Thursday, July 30, 2009

Residential Combustion Analysis

Residential Combustion Analysis
Combustion testing. The complicated question is, with nothing to adjust on a modern gas furnace aside from gas pressure and airflow, why even perform one? After all, of what benefit could it really be? Really? Why measures what you cannot adjust?

PICT00461The answer is simple even though the combustion process is often not adjustable, the combustion process is dynamic, many factors of the installation and operation can and do affect the combustion process. With out verifying the combustion process is safe, stable and within the manufacturers or industry standard guidelines you are putting yourself and your customers at risk. Simply, what you cannot see can hurt you so the only way to know what you don’t know is to measure.

Don't Blow and Go Without Checking the CO

There is nothing more exciting than finding sources of energy loss through thermal imaging and blower door testing. Test in repair and test out is the mantra of technicians across the country. What we need to remember however is fixing problems of energy loss through the envelope can cause a host of new problems, problems that if not properly diagnosed that can lead to the death of you or your customers. Test in, continuously test, and test out with regards to carbon monoxide (CO) needs to be added to our call.

Making Measurements

Customer service aside, what is a service technician’s job? I can sum it up in a few words; simply it is to make measurements. We make measurements to select the proper equipment, and make it perform as well and safely in the field as it does in the factory or laboratory. Measurements are made to prove facts, and the fact is good measurements can be used for you or against you. 

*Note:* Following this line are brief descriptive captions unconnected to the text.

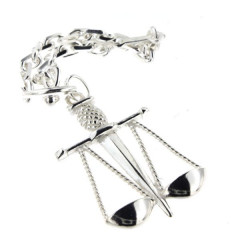 Porte-clés Argent CADUCEE NOTAIRE
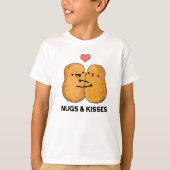 ナグとキスおもしろいチキンナゲット Tシャツ (正面)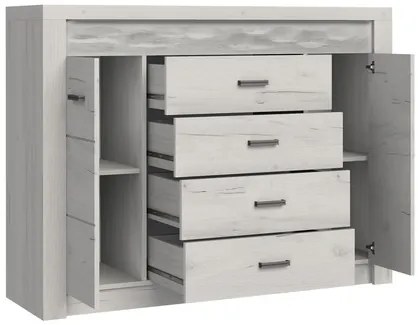 Kombinált komód Nadenas N7 (fehér craft) (meleg fehér LED világítás). 1058232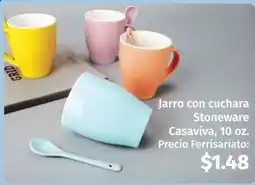 Mi Comisariato Jarro con cuchara Stoneware Casaviva oferta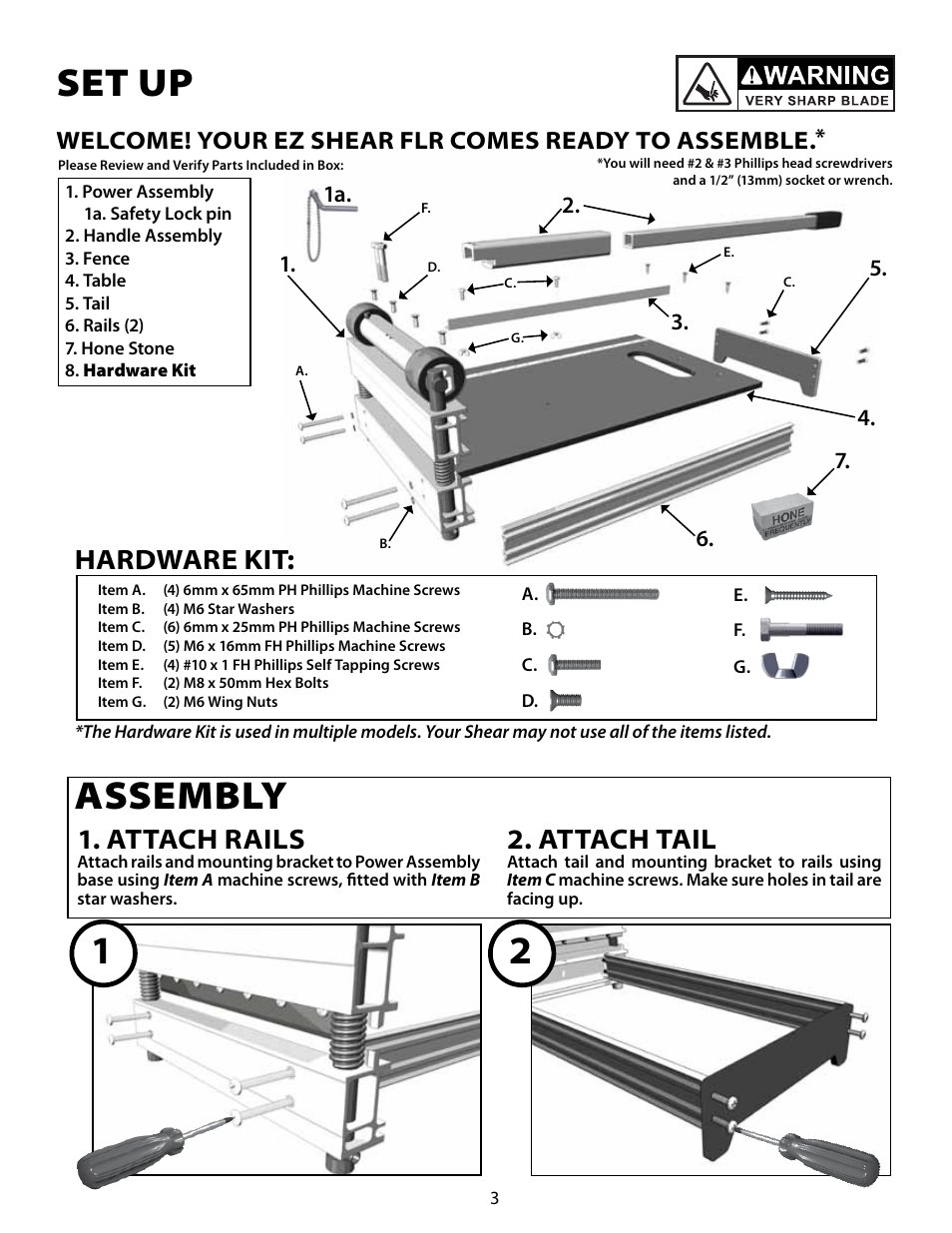 Set up, Assembly, Attach rails | Attach tail, Hardware kit, Welcome! your ez shear flr comes ready to assemble | Bullet Tools 120-FLR User Manual | Page 3 / 8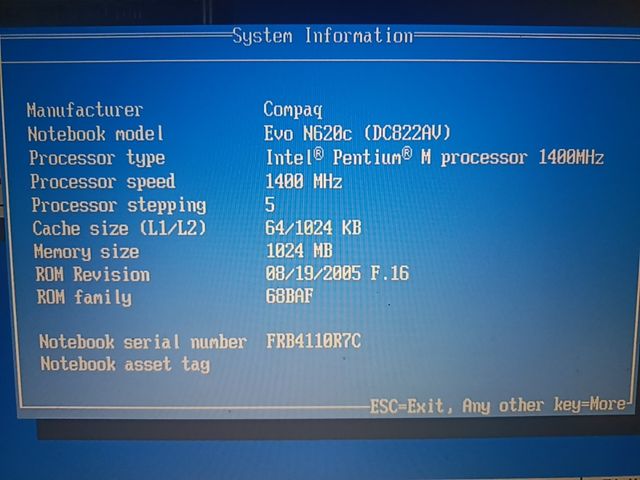 Portátil Compaq Evo N620c - Preto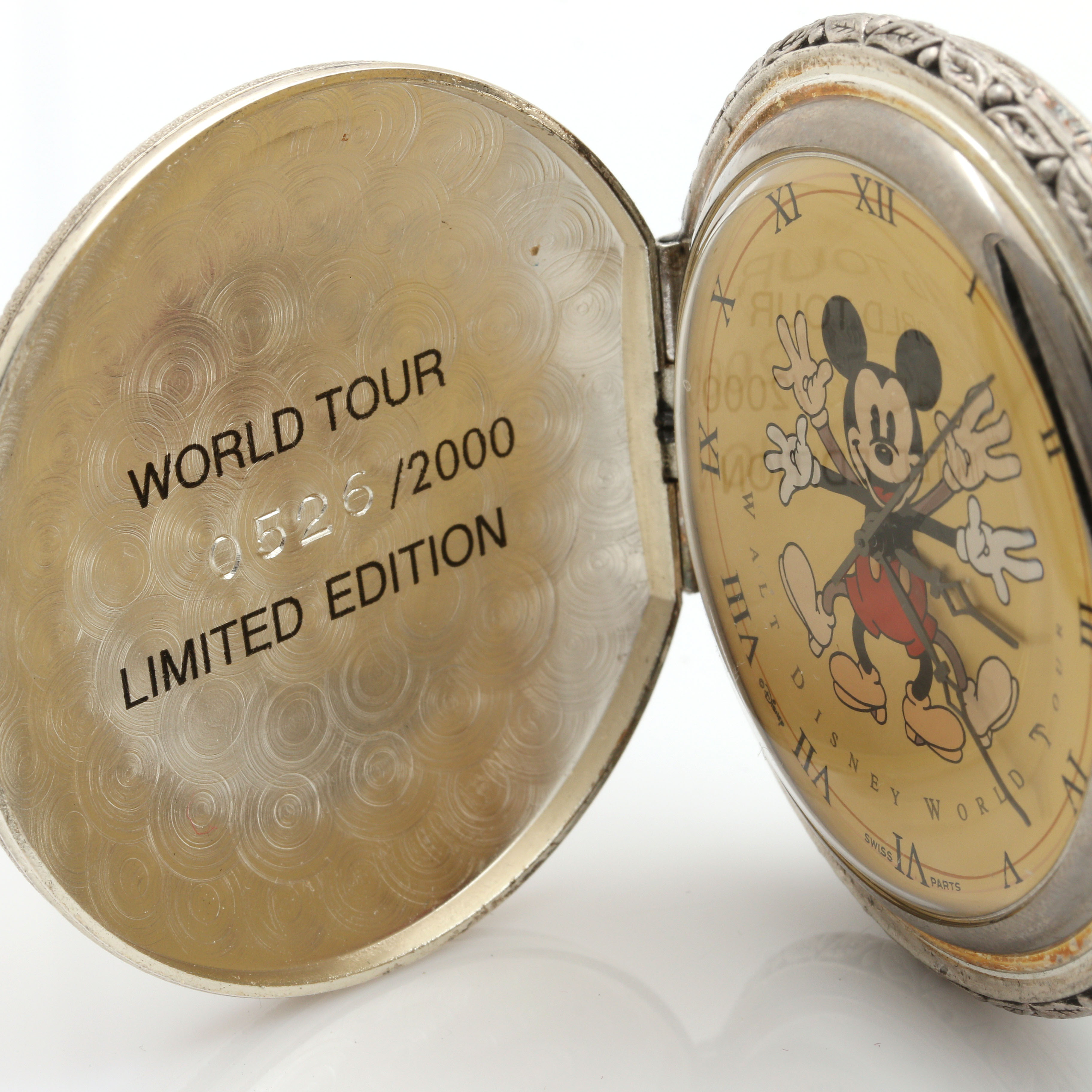 Walt Disney World Tour Silver Tone Pocket Watch With Chain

Why don’t technicians make good measurements? The answers are plentiful and almost painful. Not enough time. Hard to get the same results twice. The equipment “works” without proper setup even if it doesn’t work right. No idea what to measure; primarily I find technicians have never been instructed how and why. Let’s face it; we have service technicians with 20 years of experience and those with one year of experience 20 times. Many keep repeating the same incorrect procedures and processes with substandard measurement instrumentation and techniques over and over again each time expecting a different or better result. One might just as easily chalk all this up to insanity.